* **SUPPLIED MATERIAL**:
BEGIN

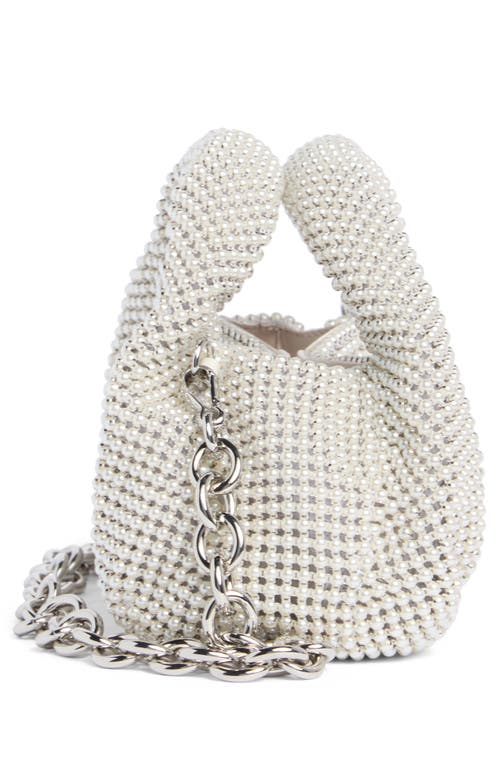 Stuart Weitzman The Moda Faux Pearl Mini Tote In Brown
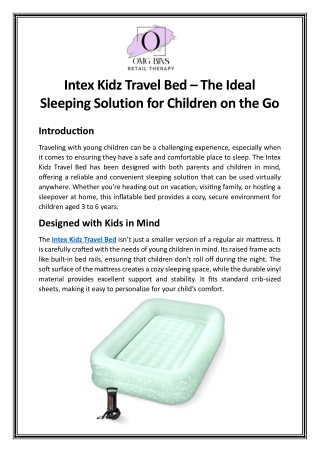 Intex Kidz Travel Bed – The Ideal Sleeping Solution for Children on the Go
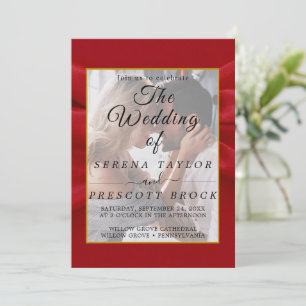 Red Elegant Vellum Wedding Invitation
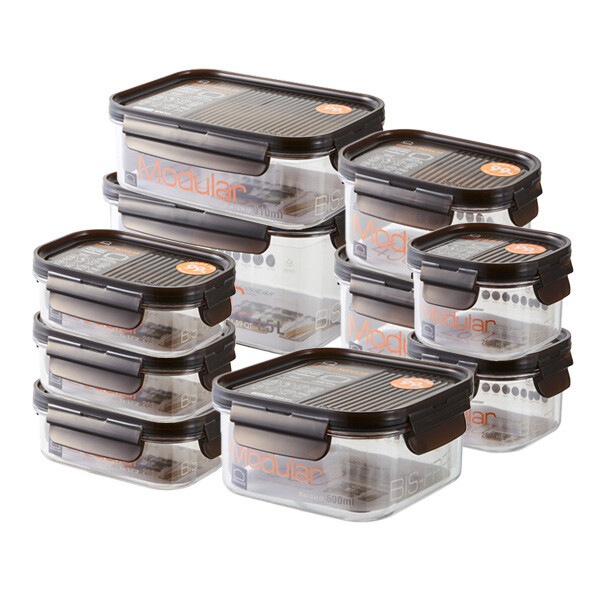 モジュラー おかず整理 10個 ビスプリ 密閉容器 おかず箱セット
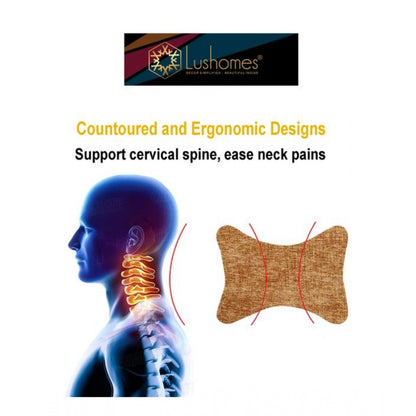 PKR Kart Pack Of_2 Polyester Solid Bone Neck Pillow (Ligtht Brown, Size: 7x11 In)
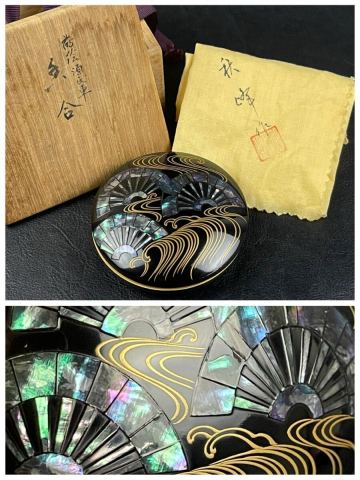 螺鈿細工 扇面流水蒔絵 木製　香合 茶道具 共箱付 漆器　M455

END
BEGIN

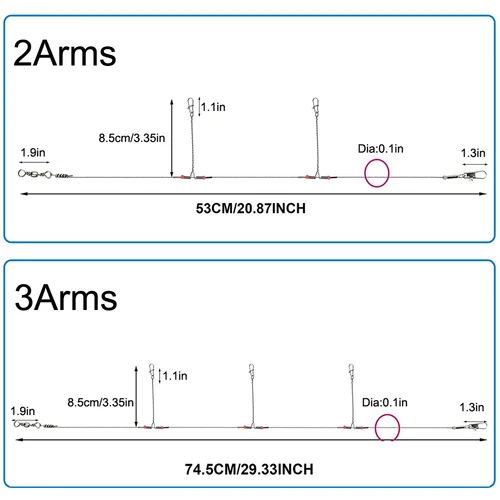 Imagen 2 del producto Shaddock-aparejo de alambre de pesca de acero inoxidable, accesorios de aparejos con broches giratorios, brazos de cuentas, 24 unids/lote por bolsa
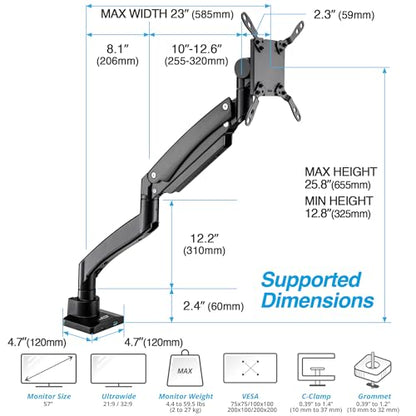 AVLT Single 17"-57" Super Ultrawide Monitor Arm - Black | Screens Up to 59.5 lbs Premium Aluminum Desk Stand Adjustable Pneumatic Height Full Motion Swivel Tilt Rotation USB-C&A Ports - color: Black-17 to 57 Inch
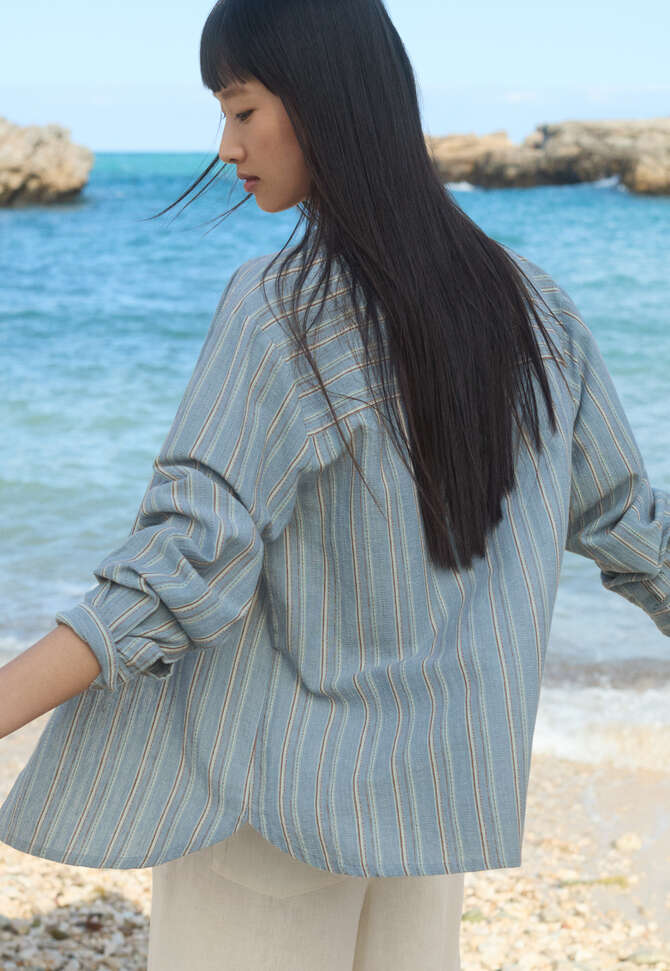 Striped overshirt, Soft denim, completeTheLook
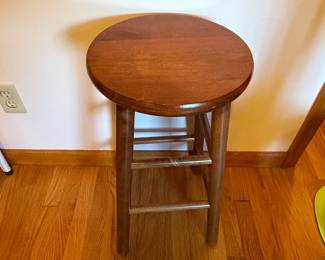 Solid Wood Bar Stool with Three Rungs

END

* **REQUIREMENT**:
Above are entries with pictures among them. Write out exactly the lines from the one containing "モジュラー おかず整理 10個 ビスプリ 密閉容器 おかず箱セット" through the one containing "螺鈿細工 扇面流水蒔絵 木製　香合 茶道具 共箱付 漆器　M455", ends included, and leave those pictures out.

* **RESULT FOR THIS TASK**:
 モジュラー おかず整理 10個 ビスプリ 密閉容器 おかず箱セット
 PKR Kart Pack Of_2 Polyester Solid Bone Neck Pillow (Ligtht Brown, Size: 7x11 In)
 螺鈿細工 扇面流水蒔絵 木製　香合 茶道具 共箱付 漆器　M455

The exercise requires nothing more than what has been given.